Disclaimer: All names have been changed as to protect the identity of those involved.

Sounds. There are many each of us have come to learn and recognize. The sound of a door opening. The sound of a shotgun racking a round in the chamber. The sounds of commands issued out between members of a firing team. The sound of a Police radio, which we refer to as radio ear.


Each bears different weight upon the listener. Yet, one sound can be heard clear, no matter the conditions. The hollow, chill sending, dreaded sound of a “Click.” No sound has the effect on a seasoned Military or Law Enforcement veteran, as the sound of a firing pin falling on an empty chamber.

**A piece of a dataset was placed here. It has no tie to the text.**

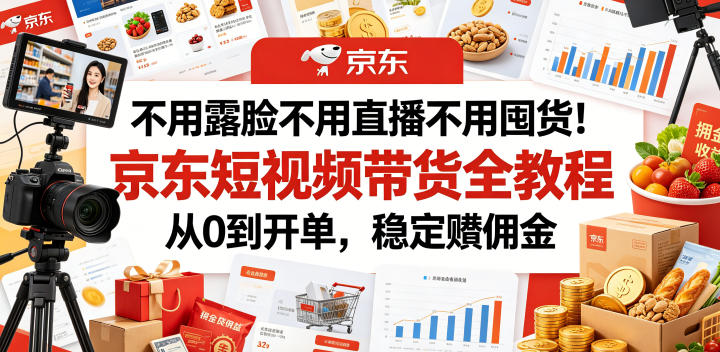 不用露脸不用直播不用囤货!京东短视频带货全教程,从0到开单,稳定賺佣金-伏羲SAAS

0645 hrs. Normal weekday morning. Fresh cup of coffee sitting in my center console. iPod playing through an AM/FM converter sitting on my patrol bag. I was on patrol in my unit as I was every morning. Uniform still smelled of starch from the night before. I was making my rounds through my assigned area and waiting for 0700 hrs. when the local diner opened for breakfast.

I was busily milling over the day’s task ahead, checking emails and making sure to mark event times in my calendar so the Chief didn’t use the speed dial with my number on it. The radio squawked. “Headquarters to LP7, 10-34 103D.” It was my radio number, but a domestic? This early? Odd. I answered with the standard “LP7, 10-71”, meaning proceed with traffic.

The call came out as a domestic disturbance in a residence involving a husband and wife. The wife had called and stated the husband was drunk and was breaking every object in the residence. She had made several attempts to calm him, yet he refused to calm down. The wife reported she had exited the residence and left the husband alone inside. “Drunk at 0645 hrs. Must be nice,” I thought to myself.

Then it struck me. That was John’s house. I know John. I see John every morning. He works across from my office. This can’t be right. I double checked the numerical and was confirmed. It was John and his wife Sally. At this point I was on the main highway and approaching the street. A local Sheriff’s Office Deputy, Lt. Andrews, was on his way to work and heard the call. We met up at the top of the street and after a brief pre-plan, proceeded to our objective.

A note quick on Lt. Andrews. Lt. Andrews is the Lt. Commander of the patrol division of the Sheriff’s Office. He has more than 20 years as a LEO along with being former K-9, SWAT, etc. Basically, he knows his stuff.

On Station

As we approached the residence, we were met by the wife Sally in the middle of the street waving her arms to stop us. We staged our units and ushered her to cover and preformed a quick interview to establish what was going on. We were told John came home drunk and began trashing the house. TV’s, mirrors, glasses, didn’t matter. If it broke, he broke it.

We left Sally by the units and proceeded towards the house. The entrance was a side door in the car port with an SUV parked inside. Plenty of room to walk. Lt. Andrews and I stacked up as I opened the side door. John was standing in a pile of broken glass, almost like he was expecting me. I asked him to step outside and without any issue, he complied. Once outside I started my normal investigation and found John to be very compliant.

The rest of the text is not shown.